Description of the task: Return all entries word for word, but drop any images.

Dataset excerpts
········
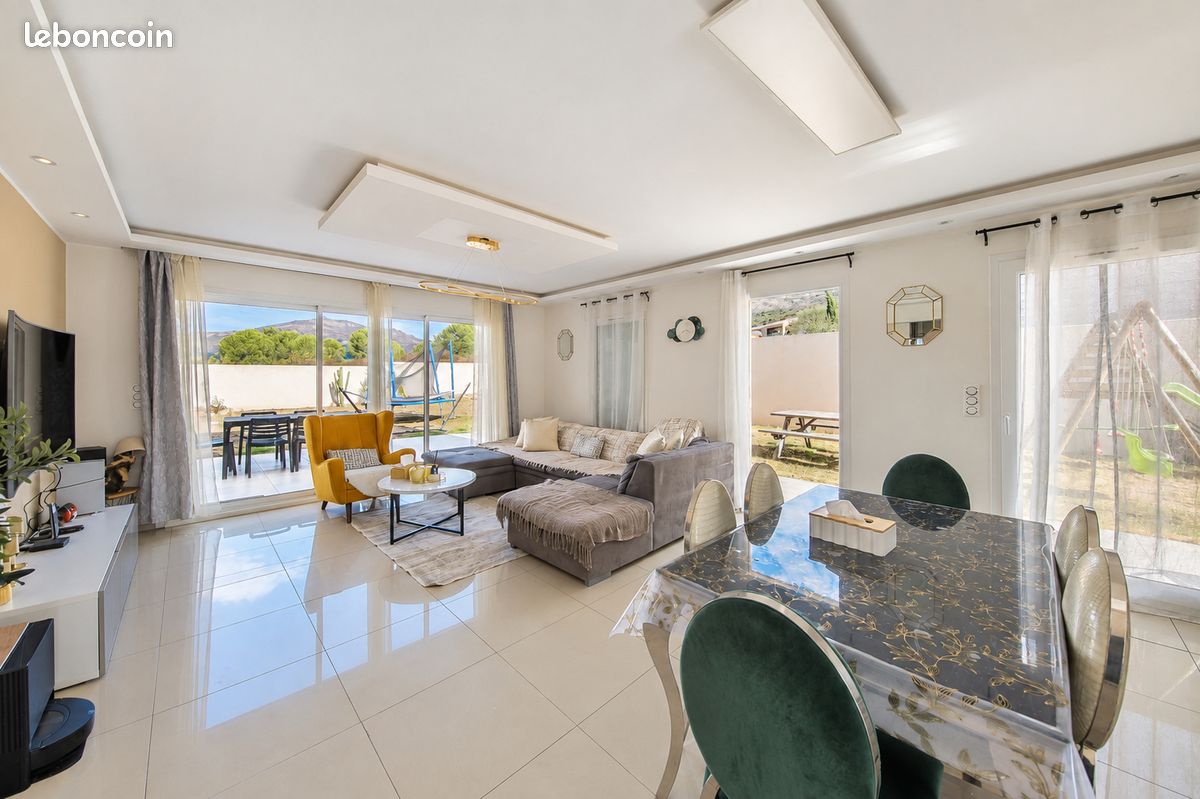 Appartement 4 pièces 106 m² · à Calenzana · 106 m² · 395 000 €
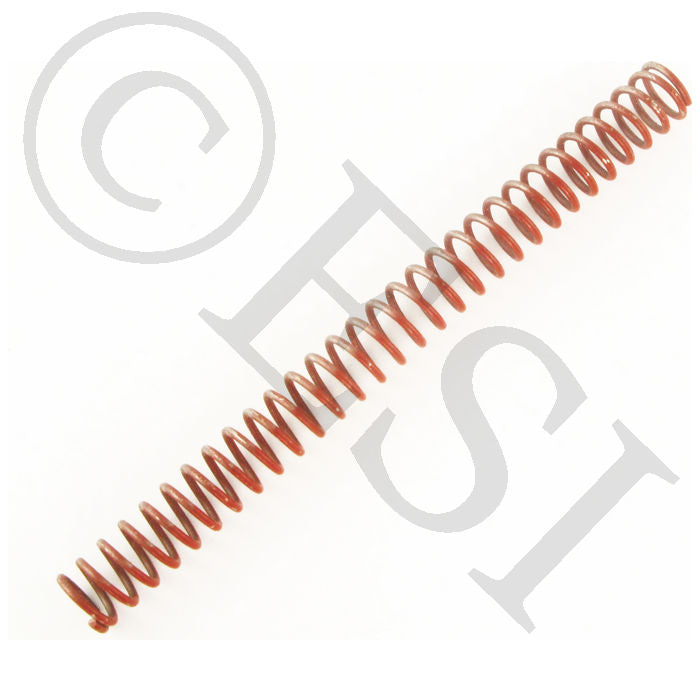 Hammer Spring - Medium - Red - PMI Part #10350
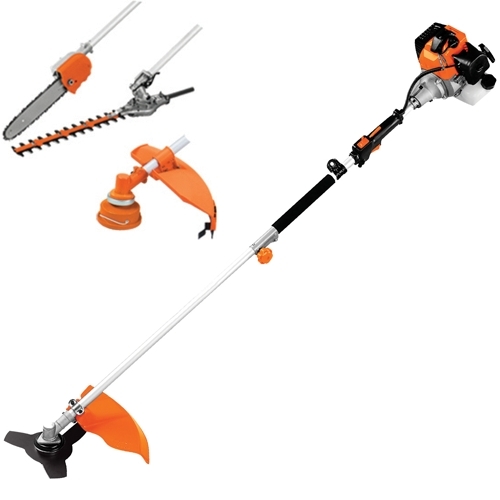 חרמש משולב 4 ב-1 מנוע בנזין 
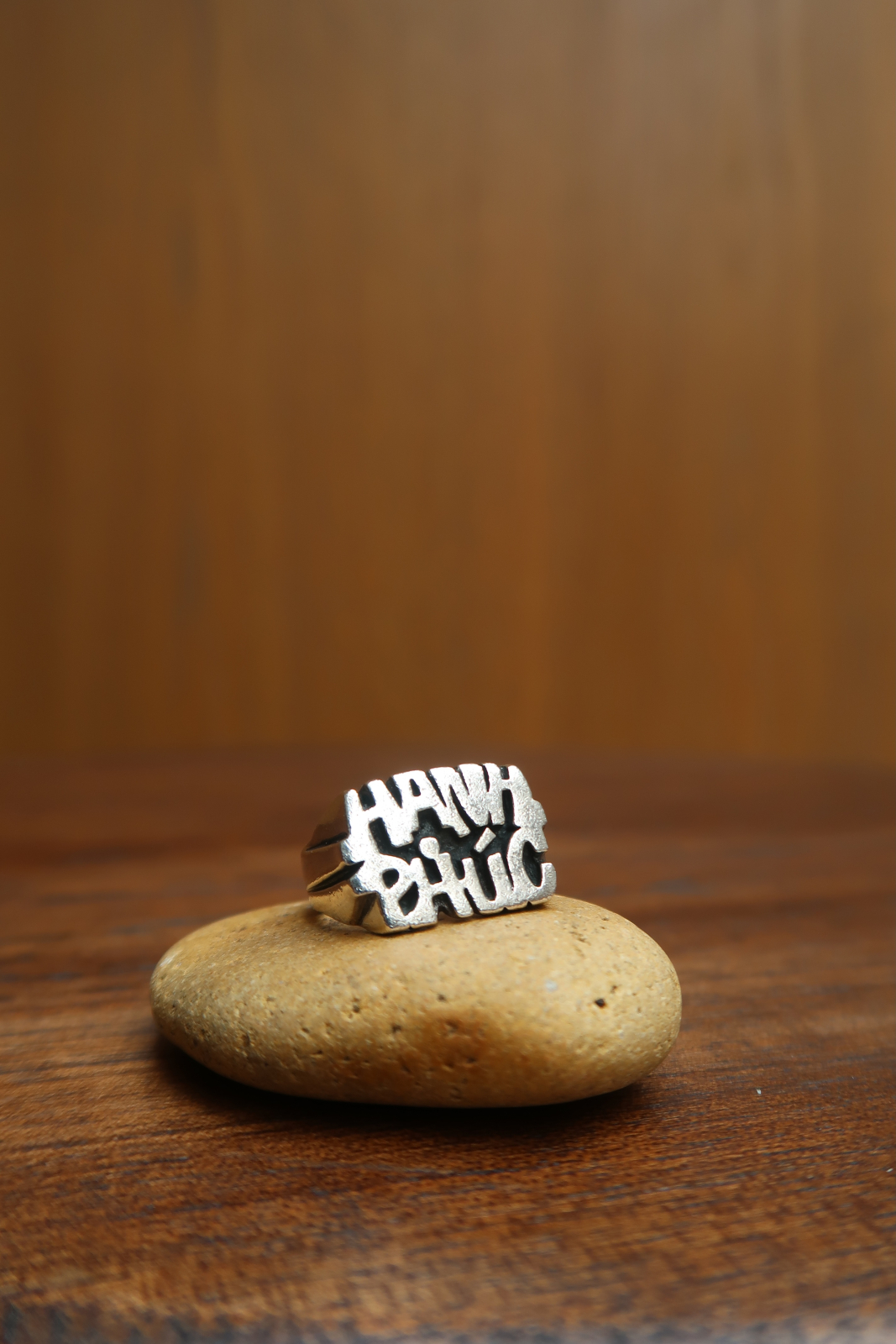 hạnh phúc ring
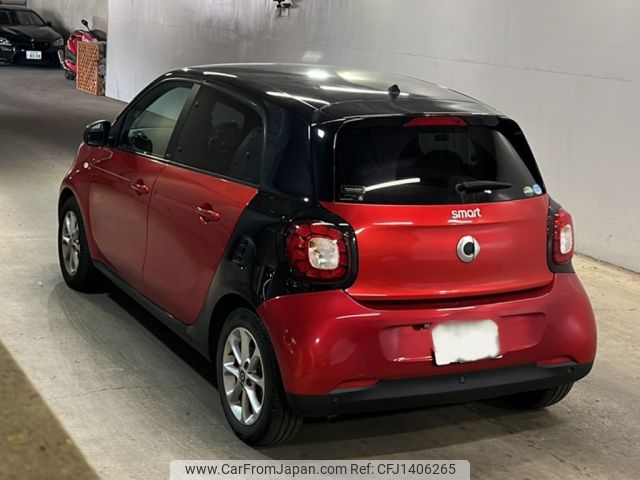 smart forfour 2017 -SMART 【熊本 502ひ3715】--Smart Forfour 453042-2Y127608---SMART 【熊本 502ひ3715】--Smart Forfour 453042-2Y127608- image 2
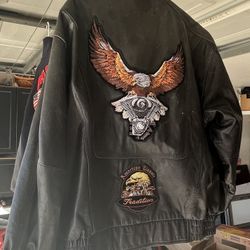 Harley Jacket 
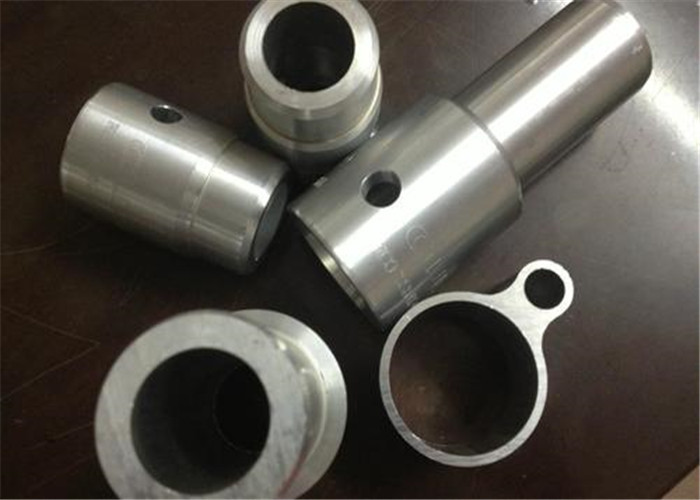 Connector Part Aluminium Investment Casting Grave Die Casting Aluminium Alloys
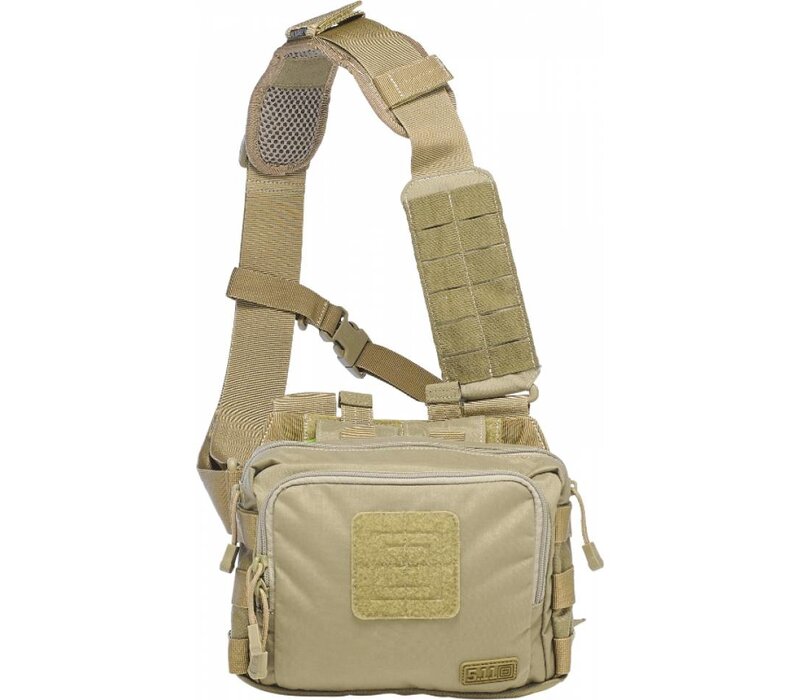 2-Banger Bag - Sandstone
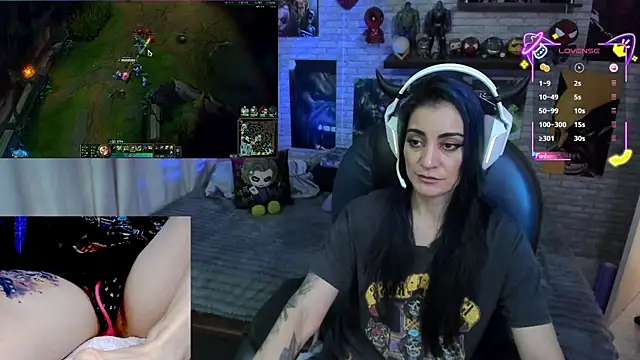 Gomorygg's Live XXX Chat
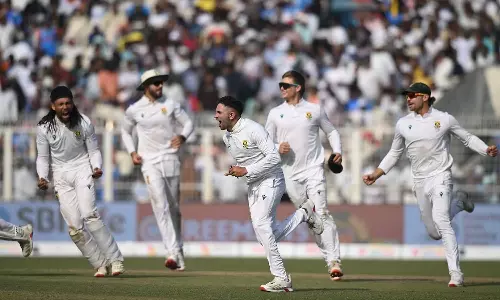 15 வருடத்திற்குப் பிறகு இந்திய மண்ணில் இந்தியாவை சாய்த்த தென்ஆப்பிரிக்கா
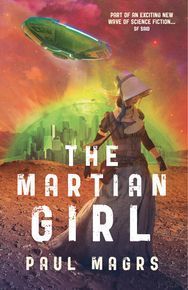 The Martian Girl thumbnail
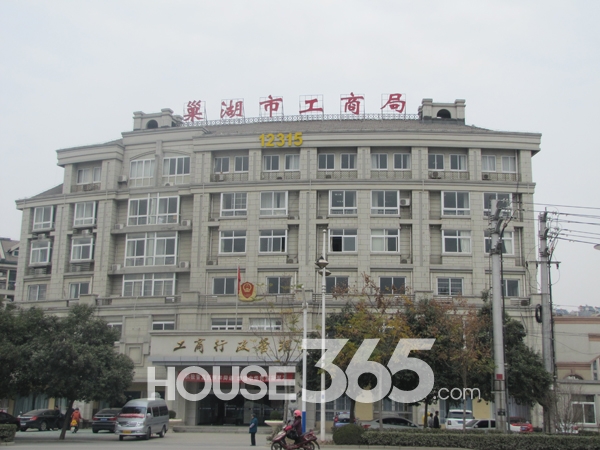 万锦国际（原世纪商贸城）周边配套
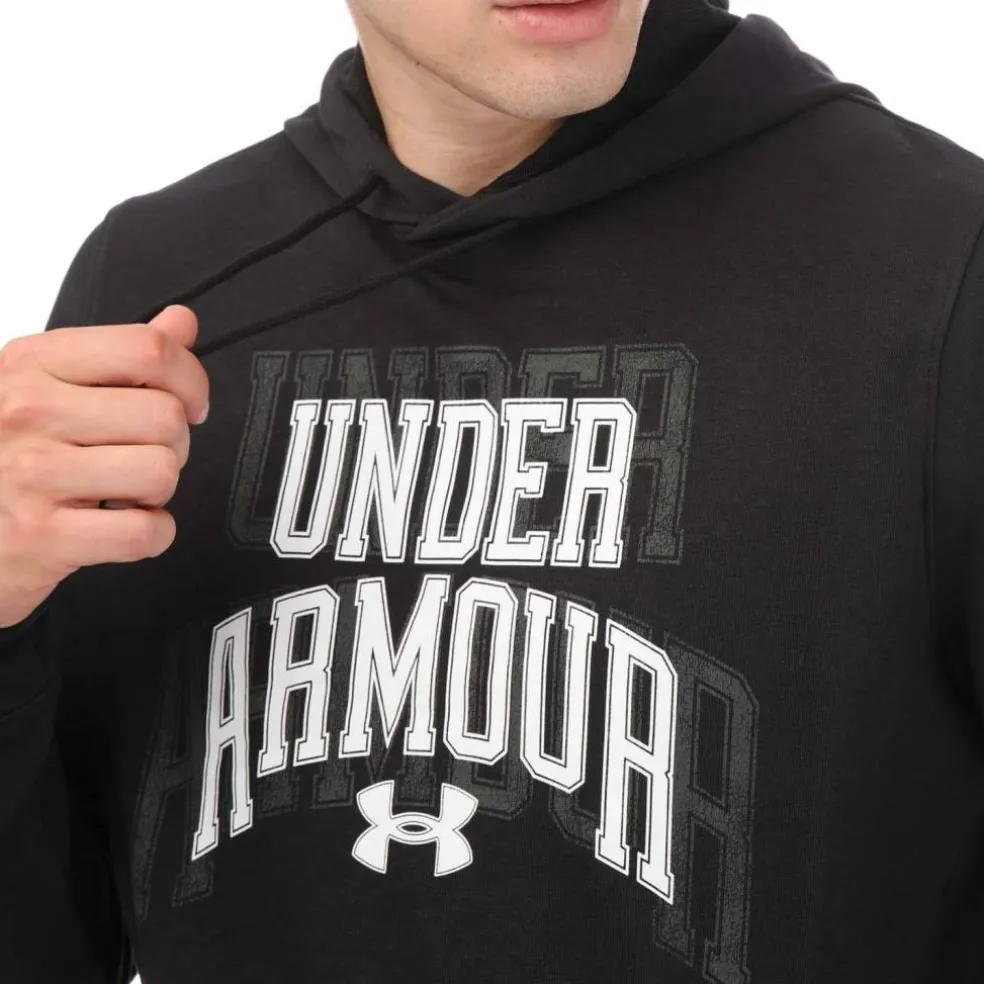 Rival Terry Graphic Hoodie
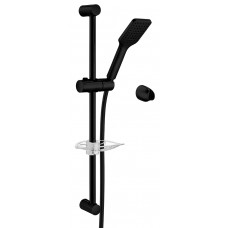 Душевой гарнитур TOPAZ TIERA 60 см матовый черный 102146029C1EX Душевой гарнитур TOPAZ TIERA 60 см матовый черный 102146029C1EX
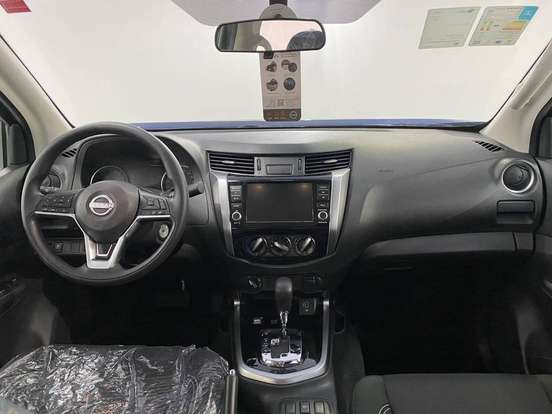 NISSAN-FRONTIER-2.3 16V TURBO DIESEL ATTACK CD 4X4 AUTOMÁTICO NISSAN-FRONTIER-2025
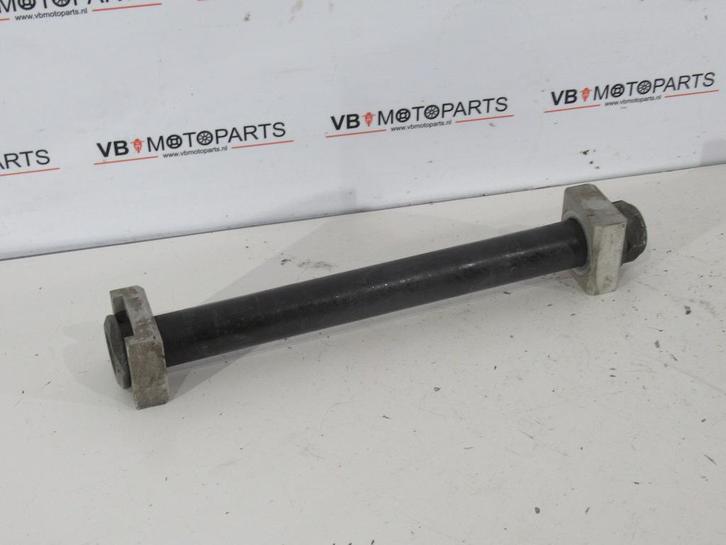 Yamaha YZF-R6 Achterwiel as achteras, Motoren, Onderdelen | Yamaha, Ophalen of Verzenden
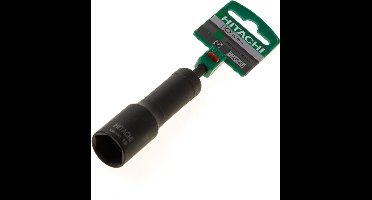 HiKOKI 750340 Flexibele dopsleutel - Zeskant - 19mm - 1/4" (L=112mm)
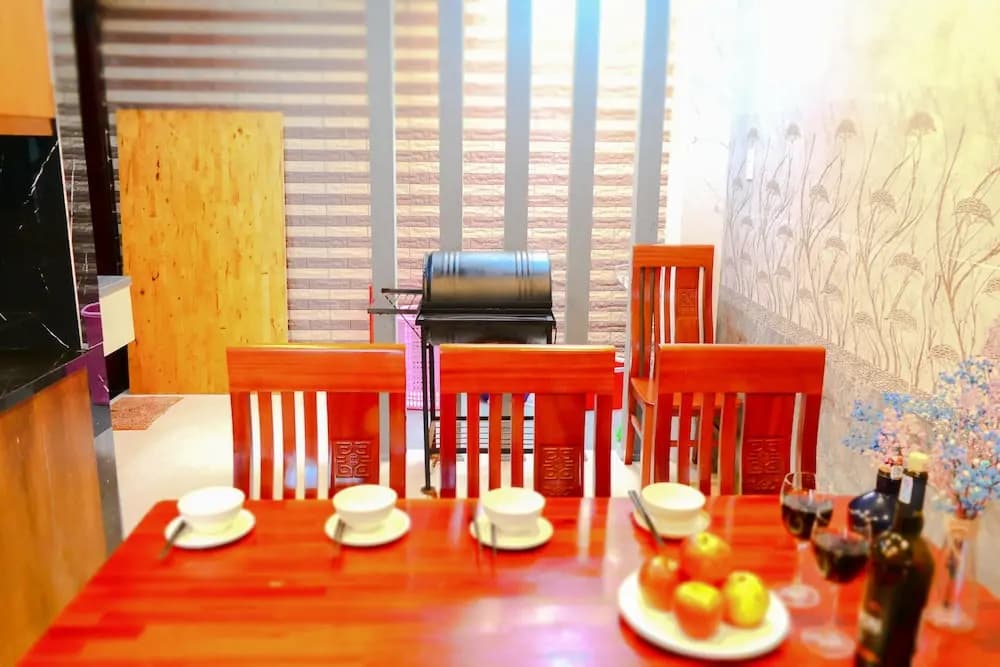 T P Luxury House - photo 27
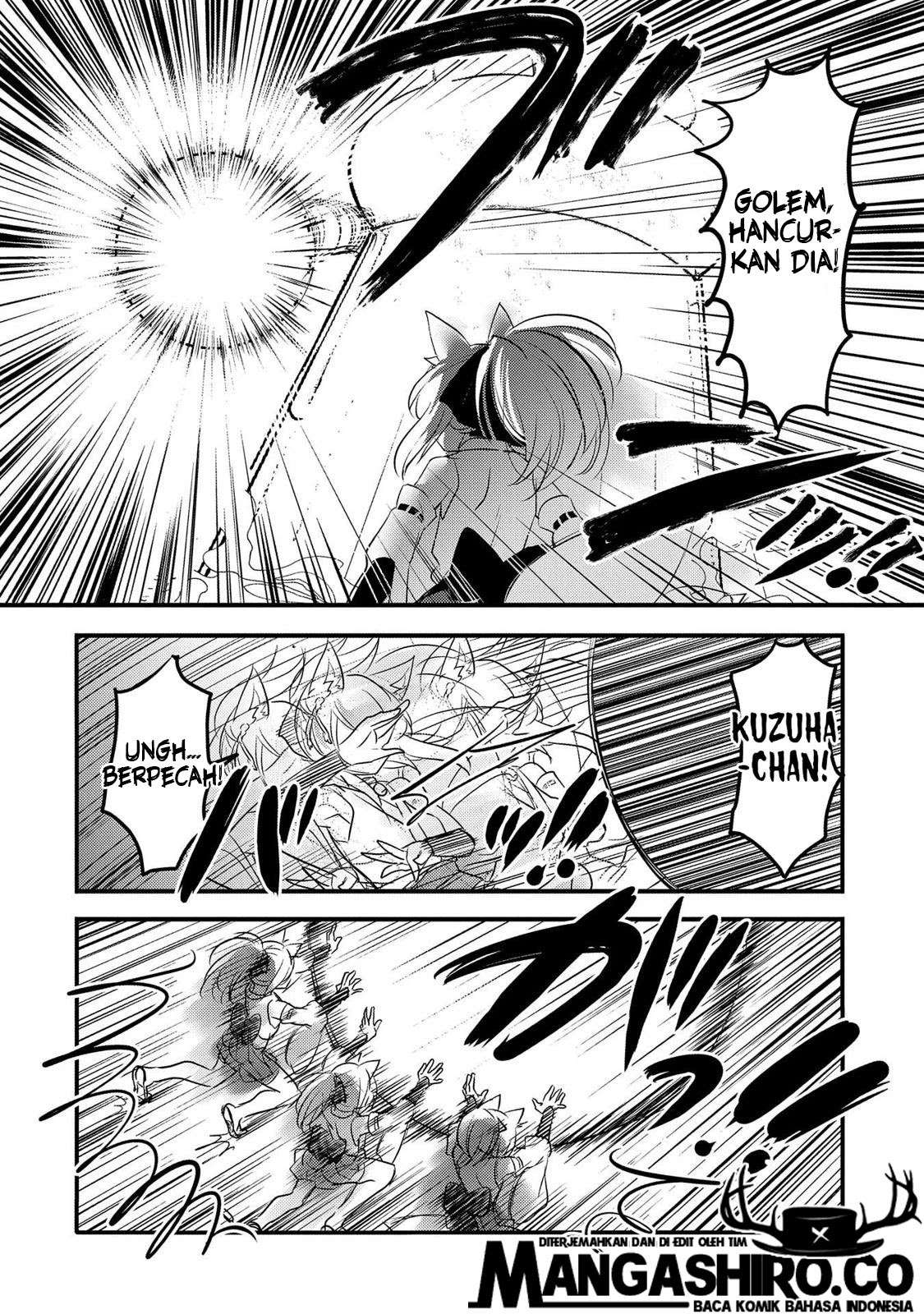 Tensei Kyuuketsukisan wa Ohirune ga Shitai Chapter 29 Image 7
········
Final answer:
 Appartement 4 pièces 106 m² · à Calenzana · 106 m² · 395 000 €
 Hammer Spring - Medium - Red - PMI Part #10350
 חרמש משולב 4 ב-1 מנוע בנזין 
 hạnh phúc ring
 smart forfour 2017 -SMART 【熊本 502ひ3715】--Smart Forfour 453042-2Y127608---SMART 【熊本 502ひ3715】--Smart Forfour 453042-2Y127608- image 2
 Harley Jacket 
 Connector Part Aluminium Investment Casting Grave Die Casting Aluminium Alloys
 2-Banger Bag - Sandstone
 Gomorygg's Live XXX Chat
 15 வருடத்திற்குப் பிறகு இந்திய மண்ணில் இந்தியாவை சாய்த்த தென்ஆப்பிரிக்கா
 The Martian Girl thumbnail
 万锦国际（原世纪商贸城）周边配套
 Rival Terry Graphic Hoodie
 Душевой гарнитур TOPAZ TIERA 60 см матовый черный 102146029C1EX Душевой гарнитур TOPAZ TIERA 60 см матовый черный 102146029C1EX
 NISSAN-FRONTIER-2.3 16V TURBO DIESEL ATTACK CD 4X4 AUTOMÁTICO NISSAN-FRONTIER-2025
 Yamaha YZF-R6 Achterwiel as achteras, Motoren, Onderdelen | Yamaha, Ophalen of Verzenden
 HiKOKI 750340 Flexibele dopsleutel - Zeskant - 19mm - 1/4" (L=112mm)
 T P Luxury House - photo 27
 Tensei Kyuuketsukisan wa Ohirune ga Shitai Chapter 29 Image 7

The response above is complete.